[Brief descriptive captions]
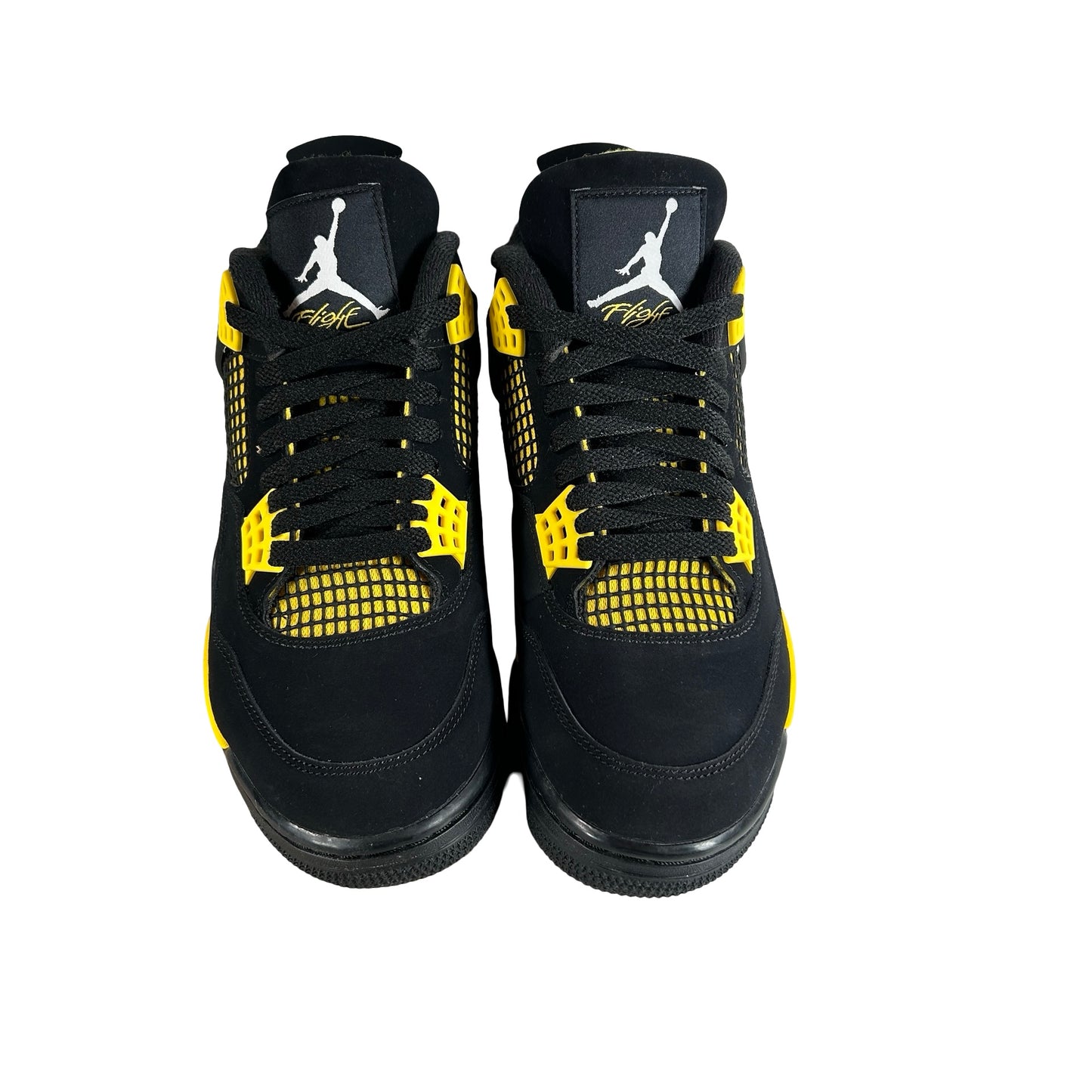 DH6927 017 Jordan 4 Retro Trueno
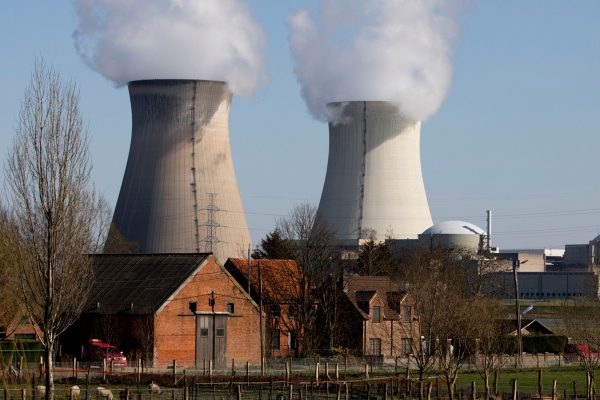 BELGIUM TO SHUT DOWN ALL THE OLDER NUCLEAR PLANTS BY 2025 AND INVEST IN FUTURE PLANTS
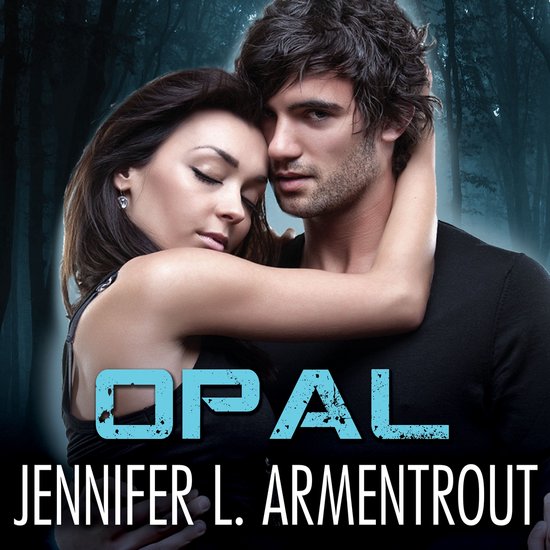 Opal - cover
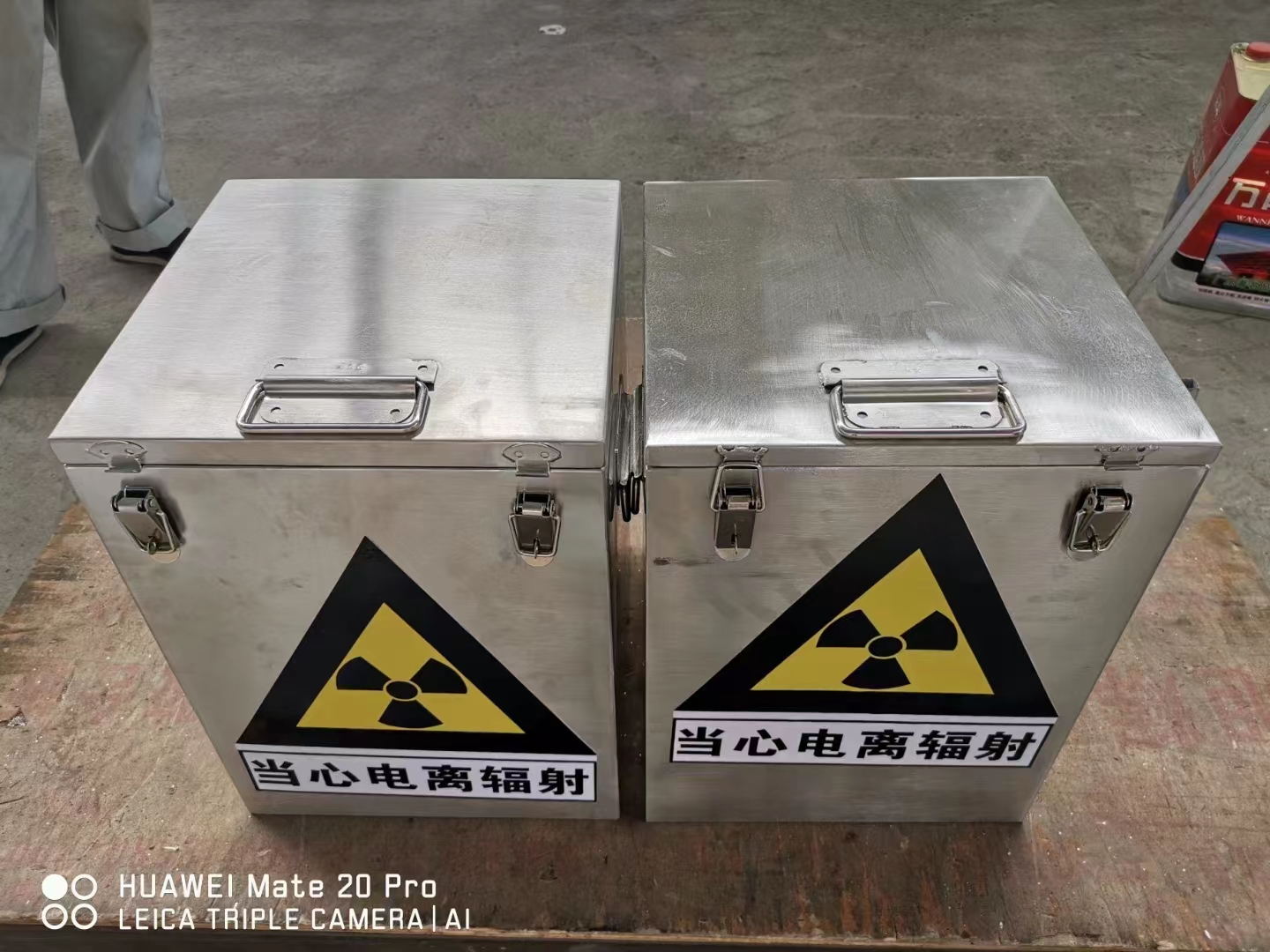 蚌埠铅箱的制作工艺有哪些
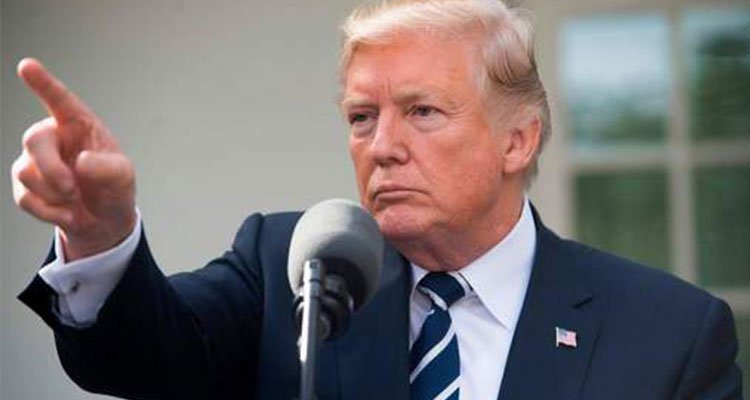 Trump, peut on avoir confiance en lui.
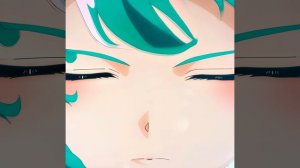 SAYO ✨ #mahoushoujoedit #sayominakami #sparkle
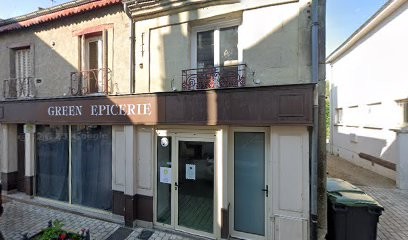 Taillepied Pascal, Boulangerie à Neuillé-Pont-Pierre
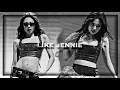Download Lagu 𝘑𝘌𝘕𝘕𝘐𝘌 - 𝘓𝘐𝘒𝘌 𝘑𝘌𝘕𝘕𝘐𝘌 ( 𝘚𝘓𝘖𝘞𝘌𝘋 + 𝘙𝘌𝘝𝘌𝘙𝘉 )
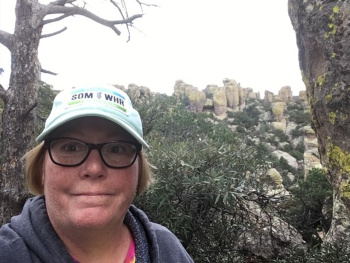 Michelle Grosvenor, LPN Michelle Grosvenor, LPN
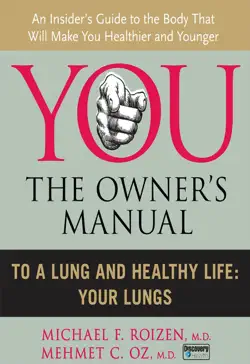 to a lung and healthy life book cover image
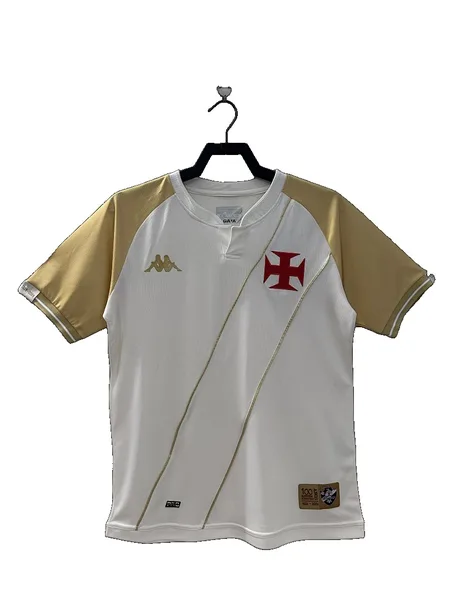 Vasco de Gama Maillot Retro Third 24/25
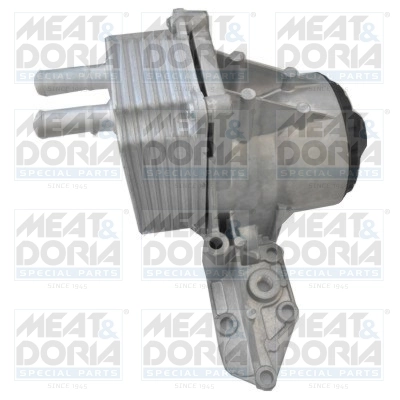 Radiateur d'huile MEAT & DORIA 95041C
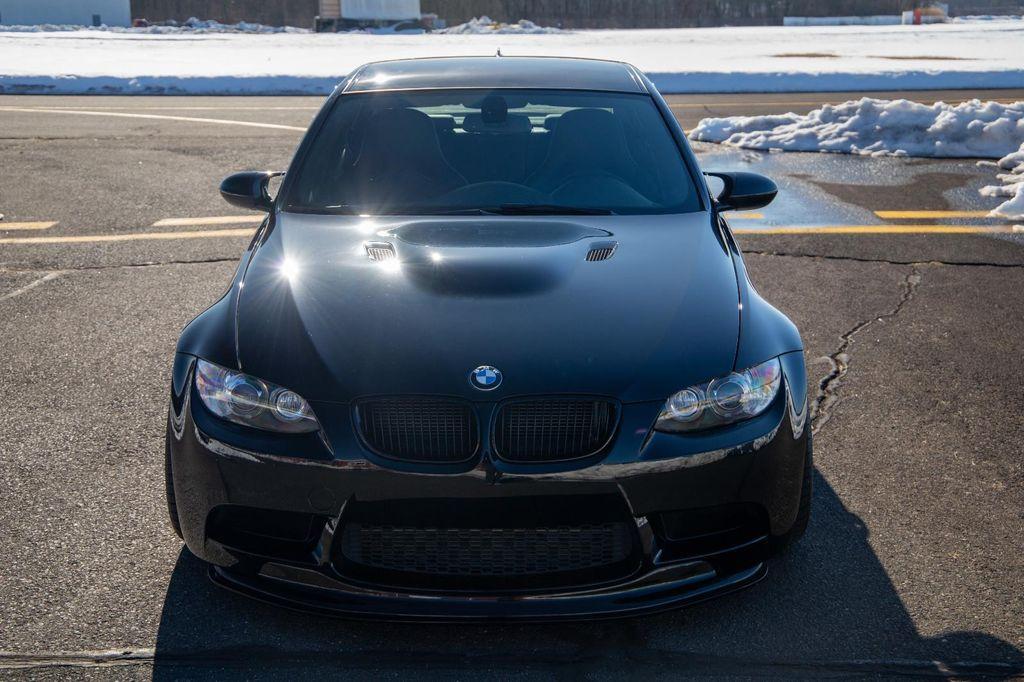 used 2011 BMW M3 car, priced at $76,990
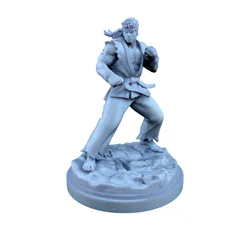 Combo Fighter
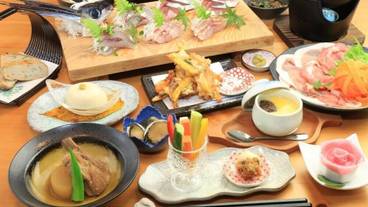 レストラン / 10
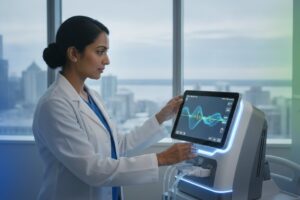 Advanced Respiratory Care Techniques: A Clinical Reference for Canadian Healthcare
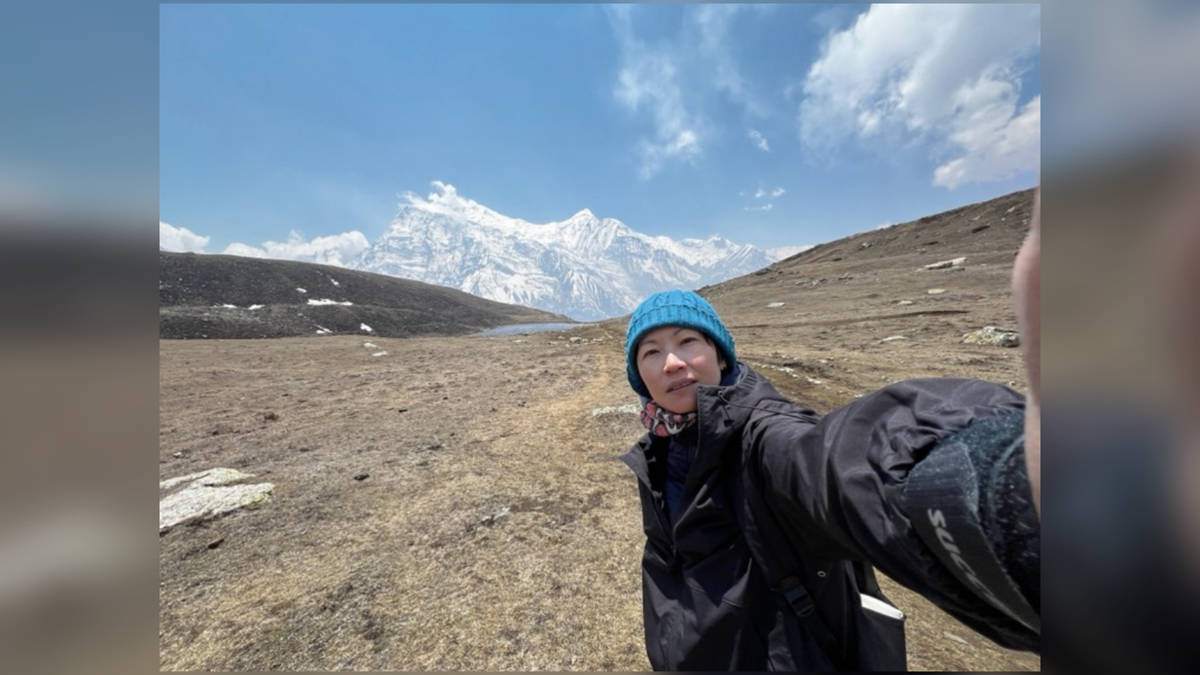 美，是把耕耘推向更遼闊的天空——專訪無用學堂主理人 鄭十一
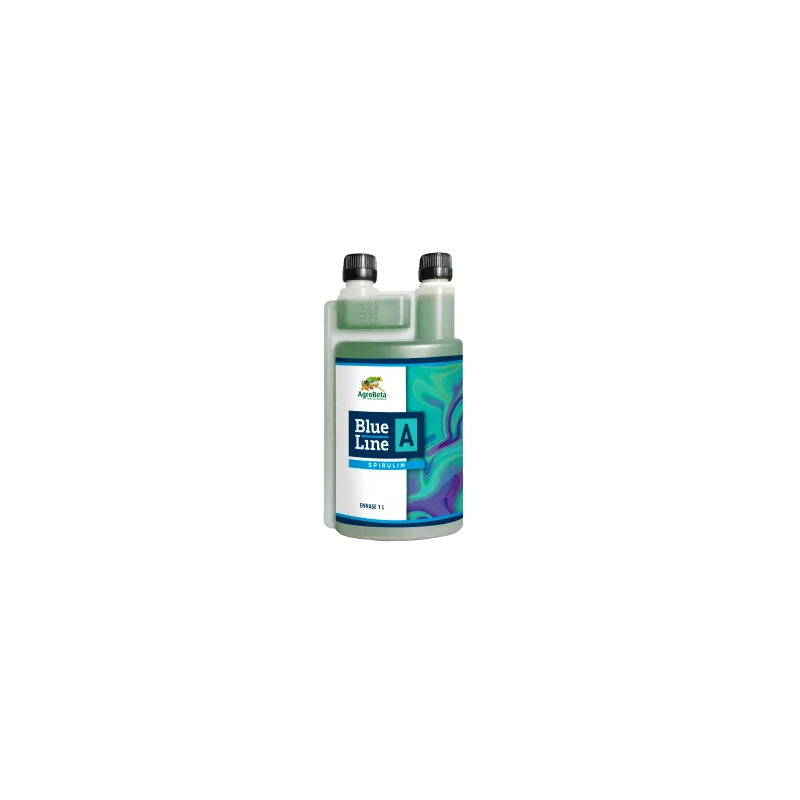 AGROBETA BLUE LINE A 1L CRECIMIENTO
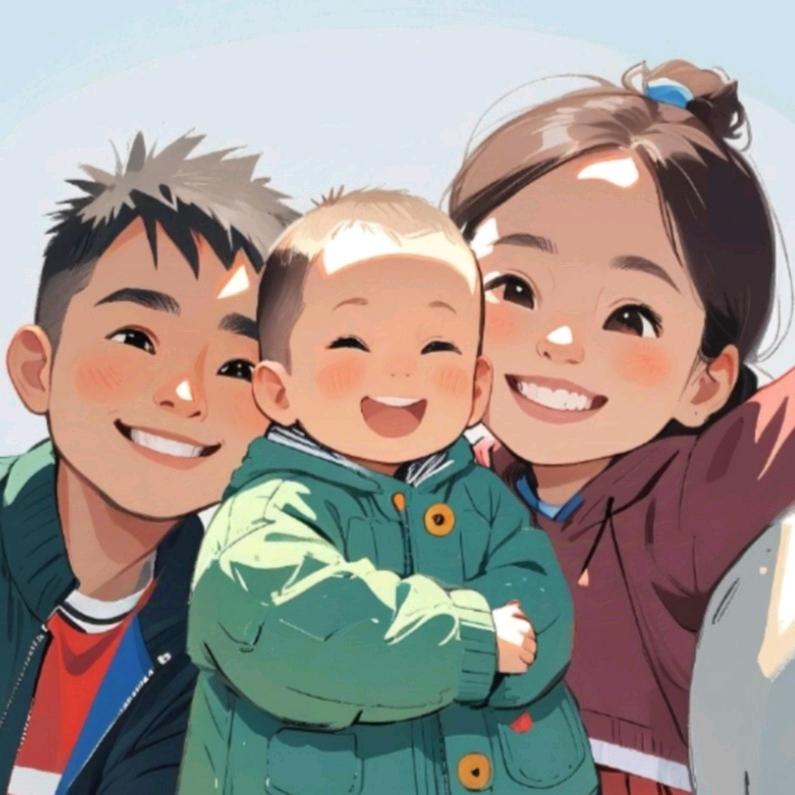 卡酷童装工作室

**PROBLEM TO WORK ON:** Take every entry above and transcribe it exactly, with no pictures in the copy.

**SOLUTION FOR THIS TASK:**
 DH6927 017 Jordan 4 Retro Trueno
 BELGIUM TO SHUT DOWN ALL THE OLDER NUCLEAR PLANTS BY 2025 AND INVEST IN FUTURE PLANTS
 Opal - cover
 蚌埠铅箱的制作工艺有哪些
 Trump, peut on avoir confiance en lui.
 SAYO ✨ #mahoushoujoedit #sayominakami #sparkle
 Taillepied Pascal, Boulangerie à Neuillé-Pont-Pierre
Download Lagu 𝘑𝘌𝘕𝘕𝘐𝘌 - 𝘓𝘐𝘒𝘌 𝘑𝘌𝘕𝘕𝘐𝘌 ( 𝘚𝘓𝘖𝘞𝘌𝘋 + 𝘙𝘌𝘝𝘌𝘙𝘉 )
 Michelle Grosvenor, LPN Michelle Grosvenor, LPN
 to a lung and healthy life book cover image
 Vasco de Gama Maillot Retro Third 24/25
 Radiateur d'huile MEAT & DORIA 95041C
 used 2011 BMW M3 car, priced at $76,990
 Combo Fighter
 レストラン / 10
 Advanced Respiratory Care Techniques: A Clinical Reference for Canadian Healthcare
 美，是把耕耘推向更遼闊的天空——專訪無用學堂主理人 鄭十一
 AGROBETA BLUE LINE A 1L CRECIMIENTO
 卡酷童装工作室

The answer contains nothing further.